Vingt-quatre cottes hardies à chevaucher pour les dames; vingt-deux pour les damoiselles furent taillées dans les plus belles pièces de drap vert brun de Bruxelles et doublées en taffetas vert clair de Malines, ou en drap clairet de Rouen. Sur la manche gauche des dames, on appliqua des broderies de genêts d'or à la devise du Roi[317], faites de fil d'or et d'argent de Chypre, qui se répétaient sur les chaperons, de même drap et de même couleur. Les damoiselles eurent aussi leur manches gauches et leurs chapeaux ouvrés de broderies, mais moins nombreuses et faites seulement de fil d'argent[318]. Cent vingt aunes de «lacs de soie, les uns de soie vert plein, les autres de soie vert broché d'or», furent distribuées aux dames pour conduire les chevaliers au champ des joutes[319]. La robe de la Reine était de velours vermeil, en graine, doublée de taffetas de la même nuance[320]; de couleur vermeil étaient encore les costumes du Roi et du duc de Touraine[321].

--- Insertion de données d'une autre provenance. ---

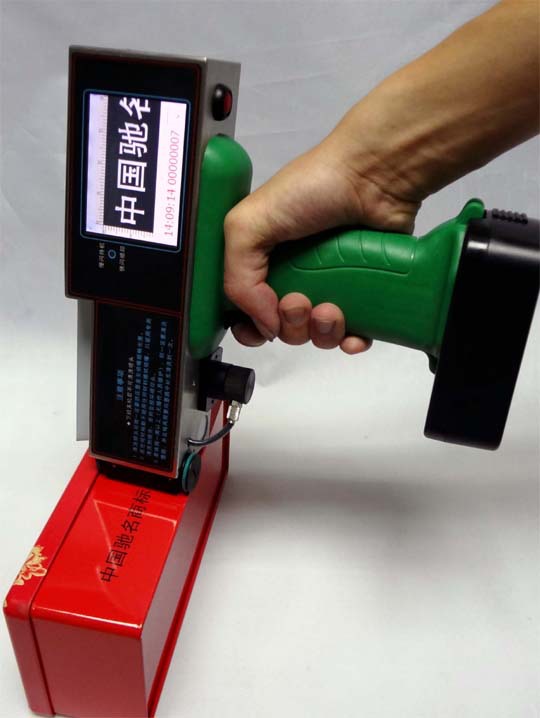 手持噴碼機(jī)新品推薦 全方位解析AJ-3D型中英文噴碼解決方案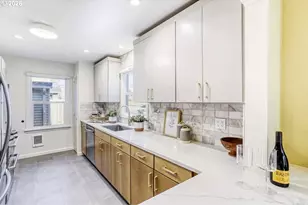 608 E 27th St, Vancouver, WA 98663 - Photo 11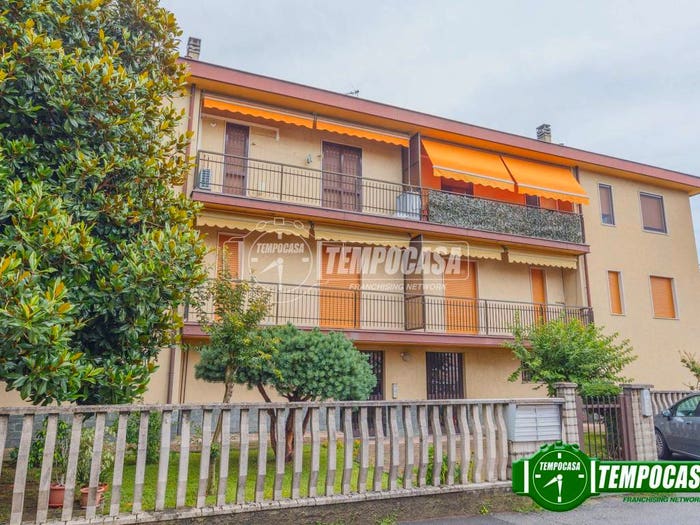 Appartamento trilocale in vendita in Via Monsignor Bargiggia, Centro, Lacchiarella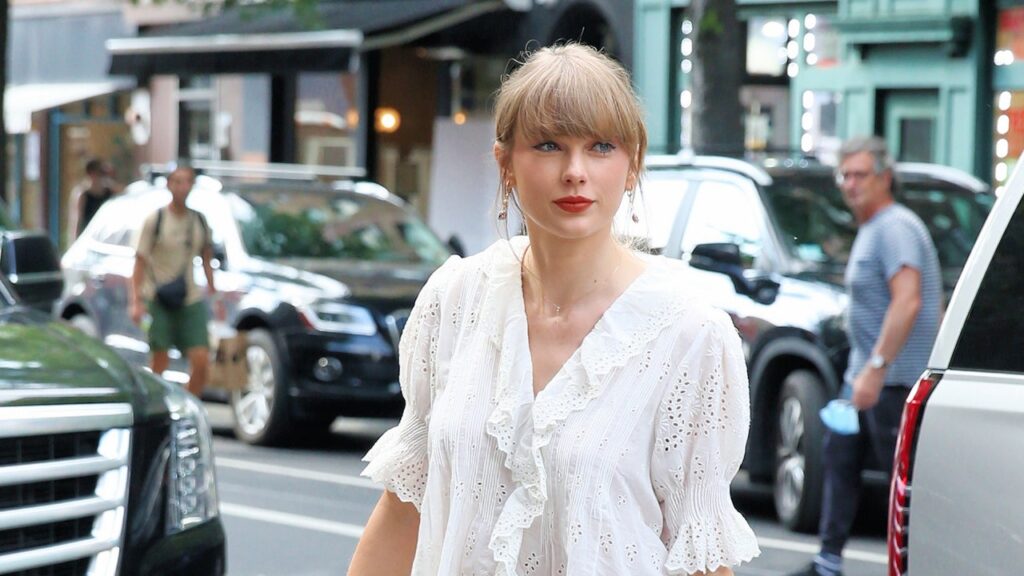 Taylor Swift a déjà porté la « jupe » que vous voudrez porter en permanence cet été.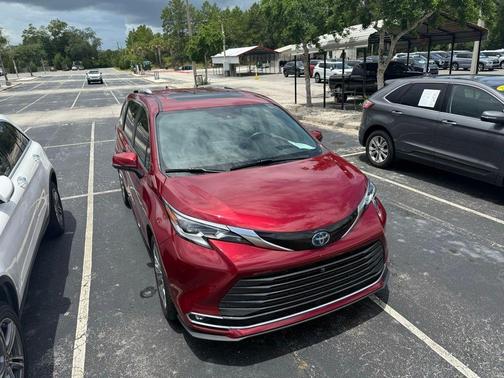 2022 Toyota Sienna Platinum 7 Passenger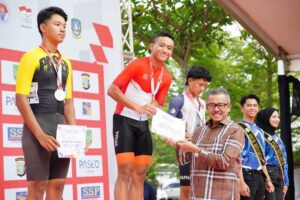Bangga, Jefridin Serahkan Medali untuk Para Juara Kejurnas Balap Sepeda di Kota Batam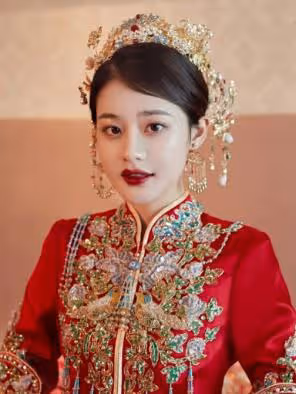 貴州:男子倒插門,新娘背著他上婚車,網友:新娘美得冒泡,值了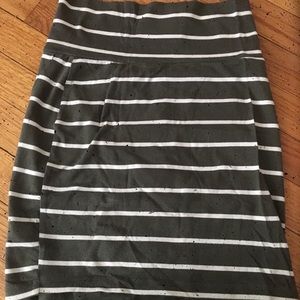 army green and white mini skirt !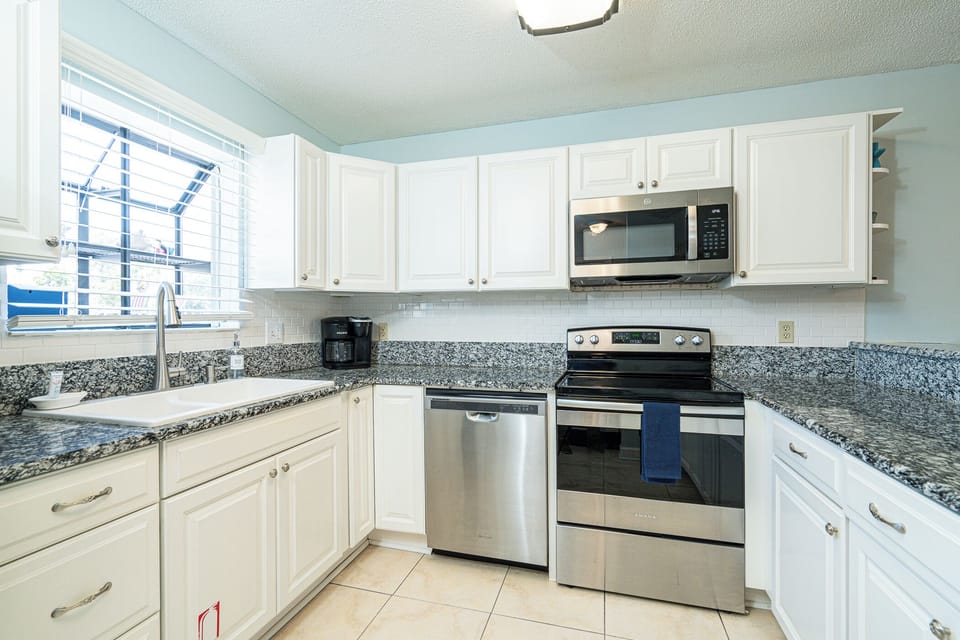 Full Kitchen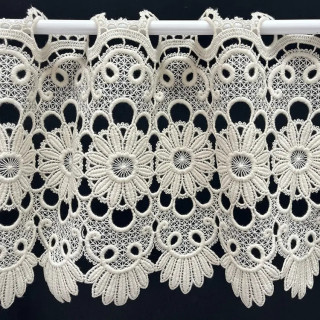 Valletje nr.390 beige 29cm hoog met ringkant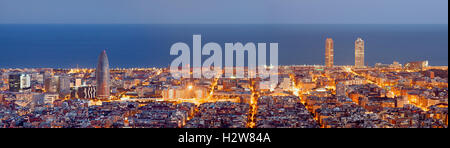 Barcelona Skyline Panorama zur blauen Stunde Stockfoto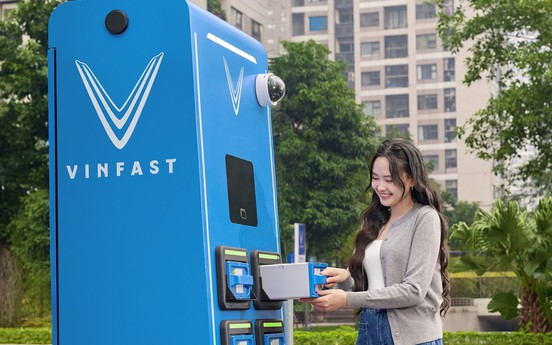 Tủ đổi pin khắp nơi, hậu mãi 5 sao, người Việt tự tin đổi sang xe điện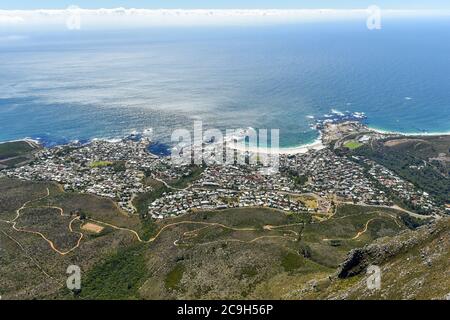 Luftaufnahme von Camps Bay vom Tafelberg, Kapstadt, Südafrika Stockfoto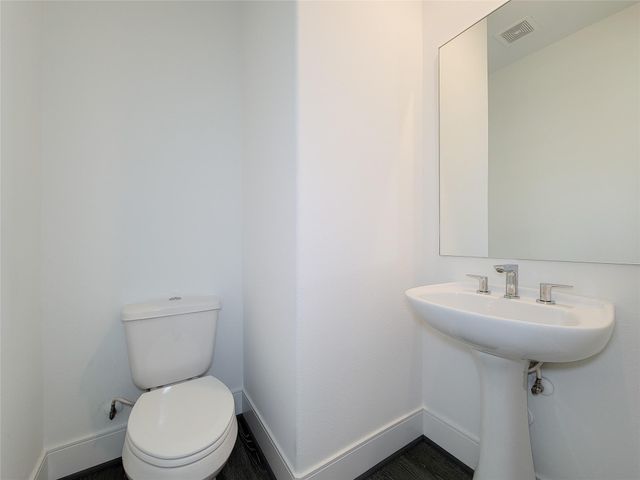 9 N St Charles Street B, Houston, TX 77003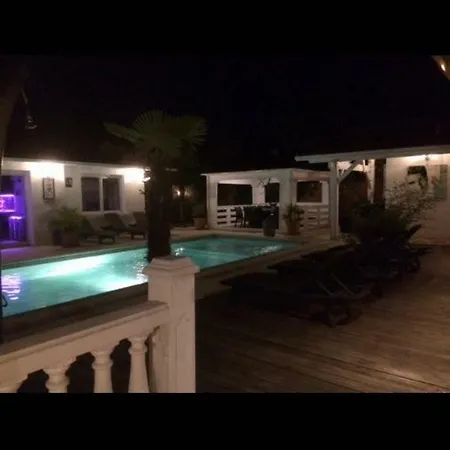 Au Calme Piscine Jacuzzi Hamam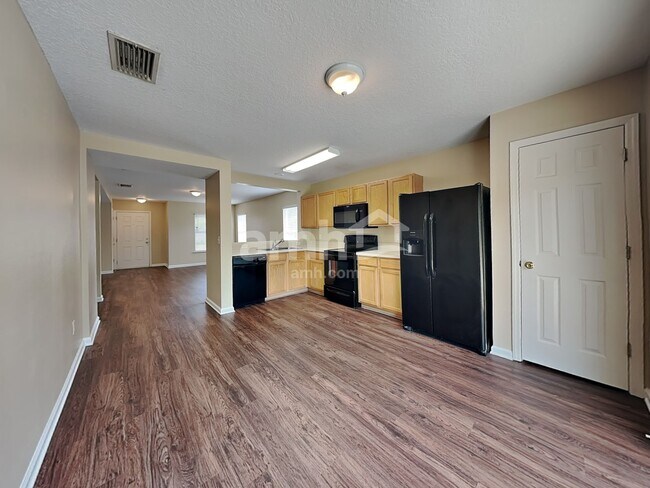Building Photo - 1211 Spring Creek Ct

[317] Charles VI eut plusieurs devises: le cerf-volant qui avait été une des devises de son père,—la cosse de genêt qu'il avait prise de Louis IX, mais à laquelle il alliait les branches d'un grand arbre ou May, c'est-à-dire un feuillage d'arbre comme il est au mois de mai, etc. Les Mots, c'est-à-dire les paroles sentencieuses que Charles VI choisissait comme âmes de ses devises étaient en ces années: Espérance ou Jamais. Voy. Jal, Dictionnaire critique de Biographie et d'Histoire, (Paris, 1867), p. 364 et 893.
[318] Arch. Nat. KK 20, fº 87 rº et 93 vº.
[319] Arch. Nat. KK. 20, fº 92 vº.
[320] Ibid., fº 87-93.
[321] Ibid. «Deux habits a vestir a dansser pour le roi et le duc de Touraine en satin vermeil et semés de branches de genestres de vert cousues de rouge.» Arch. Nat. KK. 20, fº 91 vº.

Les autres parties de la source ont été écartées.